Directions for this task ::
Each line below from the line with "Fototapeta premium Fresh" to the line with "Landscaping Plan from" must be copied exactly, including those two, and no picture may appear in the copy.

Material for the task ::
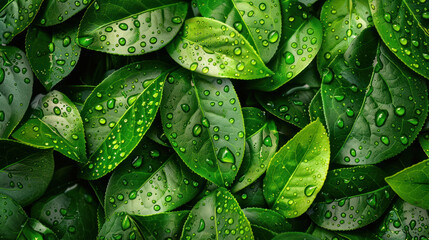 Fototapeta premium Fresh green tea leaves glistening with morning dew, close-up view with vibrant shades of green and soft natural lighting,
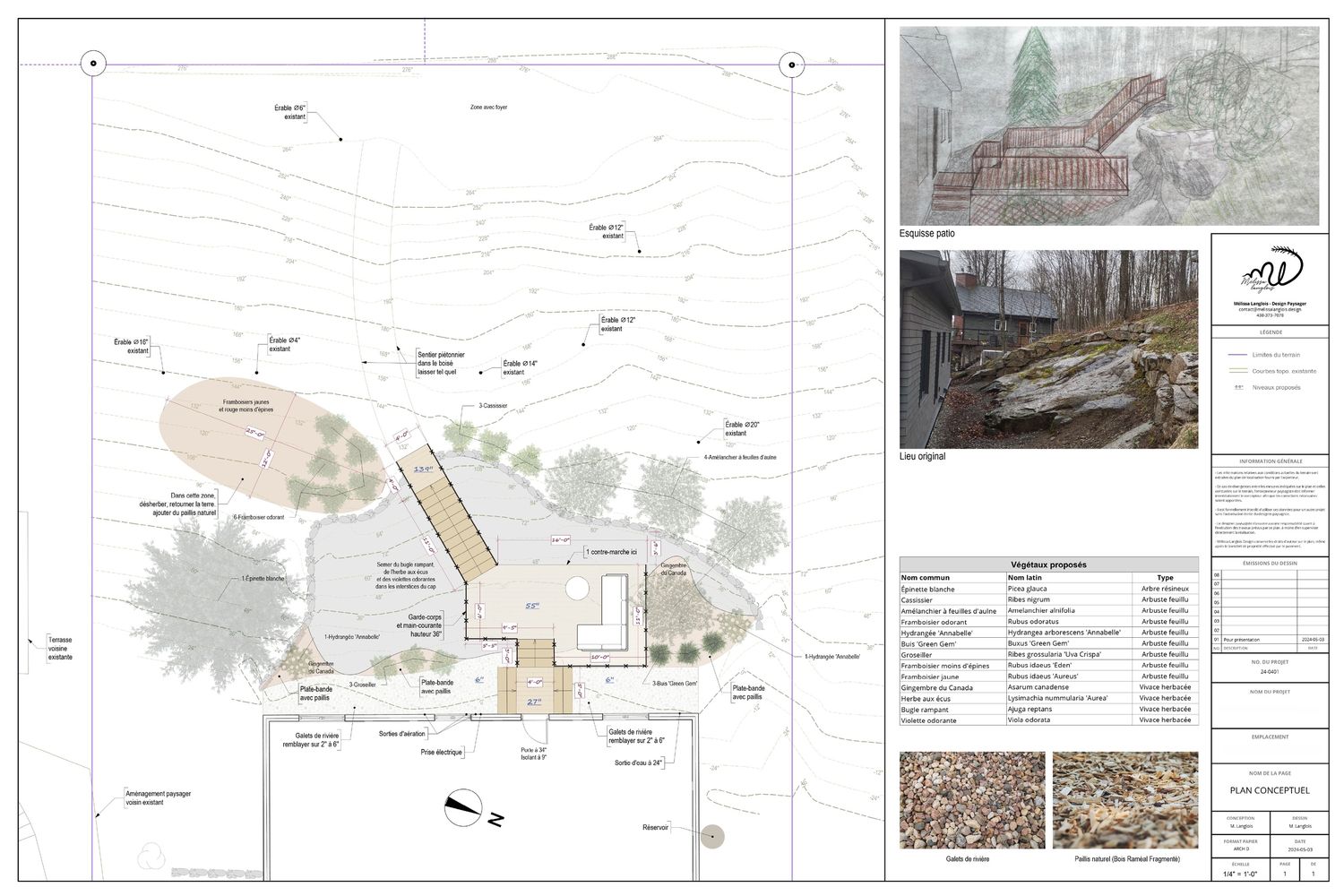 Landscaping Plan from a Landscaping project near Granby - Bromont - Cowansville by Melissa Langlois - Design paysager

--

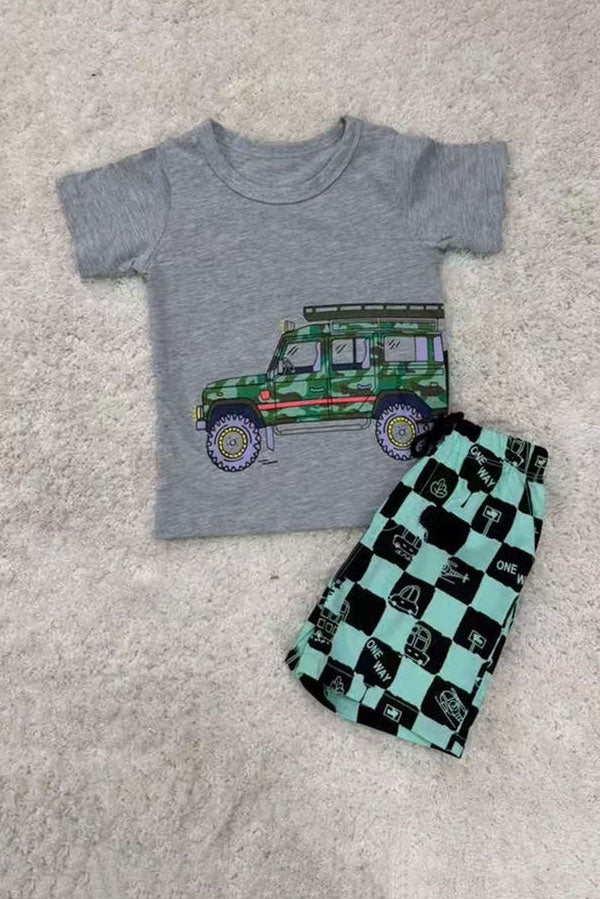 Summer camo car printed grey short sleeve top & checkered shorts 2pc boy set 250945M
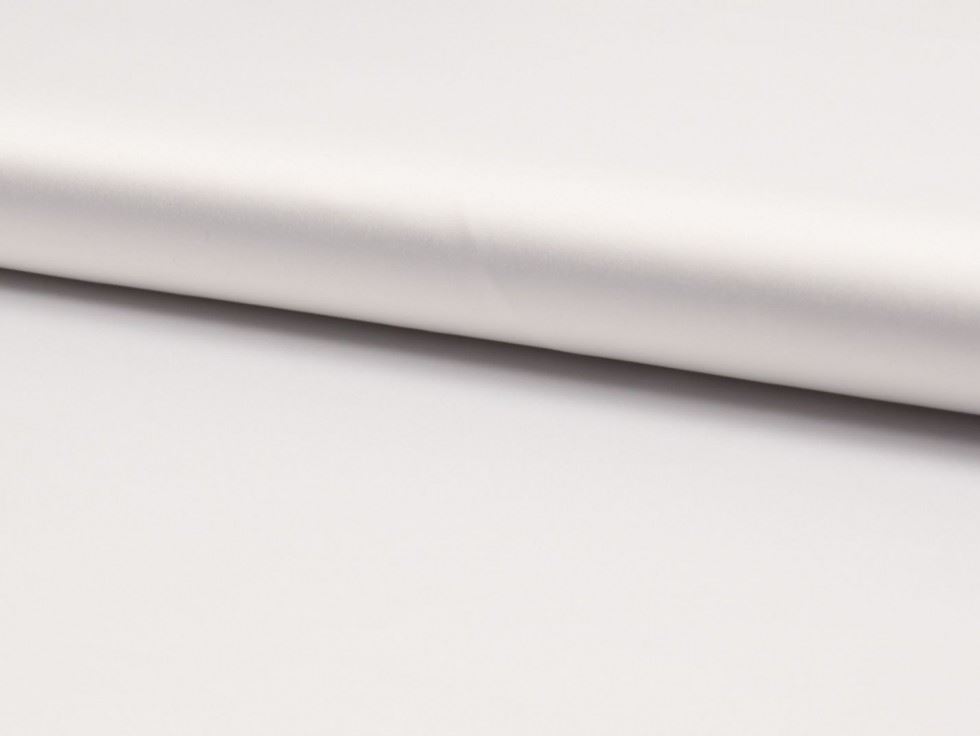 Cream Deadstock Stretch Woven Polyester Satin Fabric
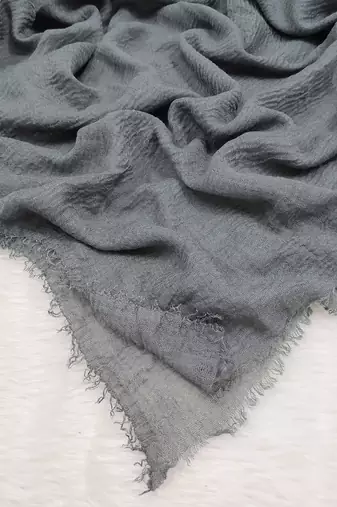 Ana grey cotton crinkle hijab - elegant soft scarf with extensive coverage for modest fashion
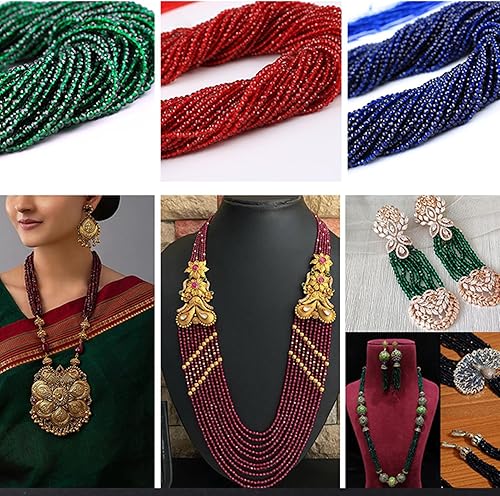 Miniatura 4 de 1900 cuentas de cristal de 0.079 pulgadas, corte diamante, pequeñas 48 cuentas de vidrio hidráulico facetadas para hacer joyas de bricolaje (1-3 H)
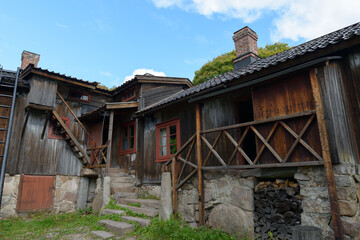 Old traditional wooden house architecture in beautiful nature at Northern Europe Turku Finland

==

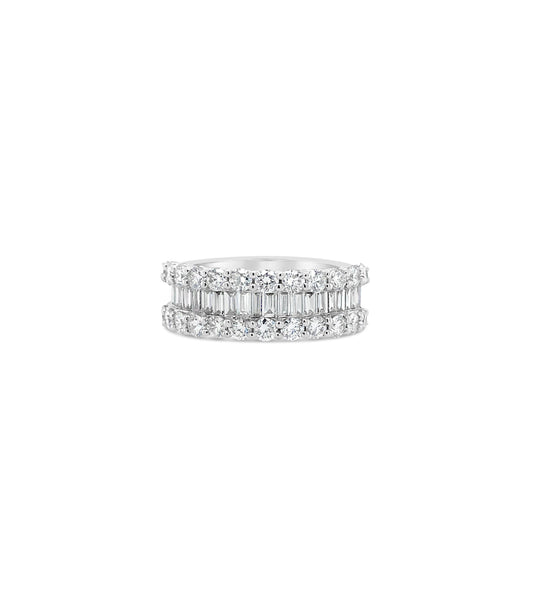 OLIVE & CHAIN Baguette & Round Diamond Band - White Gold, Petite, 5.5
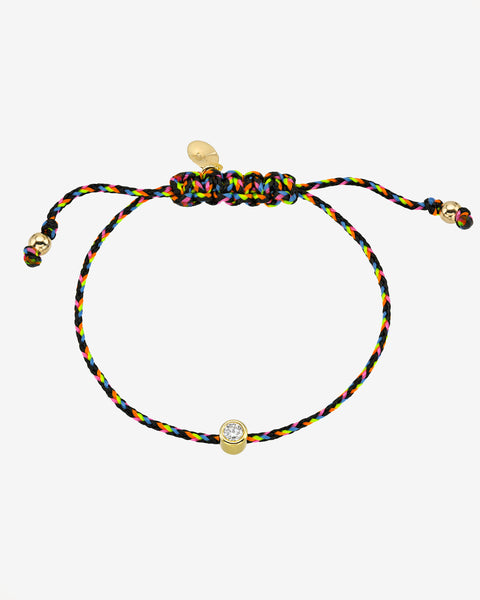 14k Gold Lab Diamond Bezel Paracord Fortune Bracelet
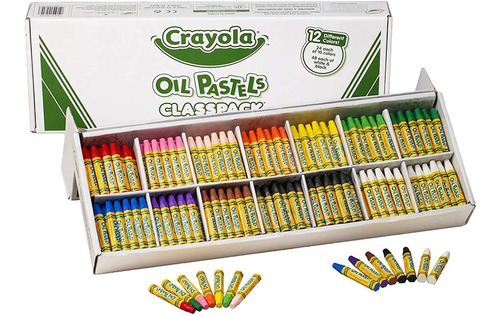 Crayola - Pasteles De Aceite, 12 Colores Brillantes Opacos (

Solution ::
 Fototapeta premium Fresh green tea leaves glistening with morning dew, close-up view with vibrant shades of green and soft natural lighting,
 Landscaping Plan from a Landscaping project near Granby - Bromont - Cowansville by Melissa Langlois - Design paysager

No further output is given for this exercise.